A Book to Test the Reader
You can't tell a book by its cover.
A review by Bruce McKinney
Recently I had the opportunity to learn first hand why people are reading less. Over the past several weeks I have struggled to complete "The Russian Debutante's Handbook" by Gary Shteyngart, a book I purchased for three reasons. There is a sticker in the upper left hand corner that says "A New York Times Notable Book." There is a suggestive photograph on the cover of an attractive young woman in a short skirt. And the space between the lines was large. It also looked like a nice change of pace, in short a beach book. Once in a while I want a week or so off from War and Peace and so on. It is the story of Russian emigrants who come to America but never separate from the home land thus creating a bi-polar existence that the ultra intelligent and the wildly deranged can immediately associate with.
Well, I found out I'm old and apparently getting older fast. How so? I think the RDH is comic book characters described by someone with an 800 on their SAT verbal and a good sense of east and west. I have the distinct feeling this book is written in a new language - perhaps the ebonics of new literature, what Gunter Grasse was to post-World War II readers and J. D. Sallinger to the 1960's except more so.
This is the story of a family that escapes from Russia just seconds before Stalin's heel comes down. The chief protagonist, one Vladimir, is a 25 year old living in New York City poverty one generation later. His every act is counter to all the crummy American values that sustain us. He is infatuated with a hooker and absolutely immune to Judeo-Christian guilt. In his "relationship" he sees only her intrinsic self and trappings matter not at all. He can do this because he thinks but does not feel, perhaps the real issue that divides the generations in America and around the world today. He feels no shame and is thereby liberated from the golden yoke of "responsibility" that connects most adults. Responsibility is after all our common language, the glue that holds humans to the fly paper we call life. Take away that glue and generation X becomes understandable. Take away this glue and this book comes into focus. We, who have spent our lives trying to stay out of jail, behold a generation that is trying to break in. Ah, I understand why old people die. They just give up!
A Book to Test the Reader
Many smart people seemed to like this book.

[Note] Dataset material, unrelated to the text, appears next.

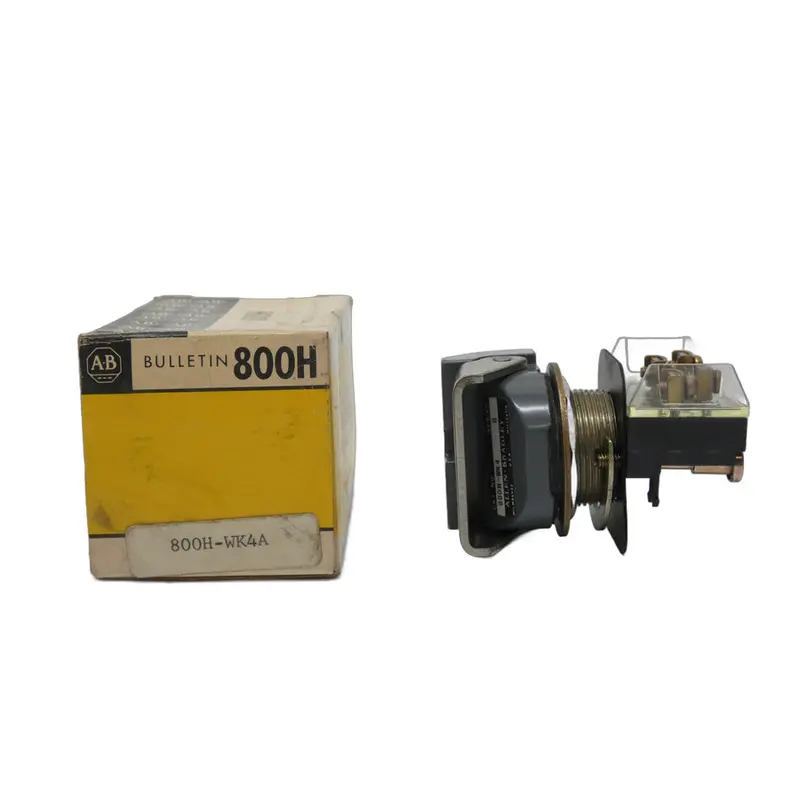 Allen Bradley 800H-Wk4a Ser. B (Bk/Gd) Nsmp 1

Our protagonist accepts an opportunity to work in Eastern Europe after life as a sociopath in America takes the inevitable bad turn. He is of course a poly-math so languages are not a problem. Prava, his destination [apparently Prague in real life] becomes the stage upon which the central question in life [How many nuts are there in the bowl?] is carefully considered. The answer turns out to be both many and none depending on whether you accept or reject Mr. Shteyngart's intellectual construction. For me it is literature as seen from or through a galactic black hole and I'm ready to draw the line on this one.
Read it at your own risk. How you react to it will say nothing about the book and everything about you. I'm glad I read it and I admire the spume of clever language that covers almost every page but I want a clearer, more logical story. Finally I have two more questions. Exactly how old are the book reviewers at the New York Times? And is this a Jackson Pollock painting in print form?
This book is available in hardcover and paperback editions but buy it in paperback so that, if you need to throw it, you do less damage. Four hundred and seventy six pages of amusement or grief depending on which generation you are emotionally a part.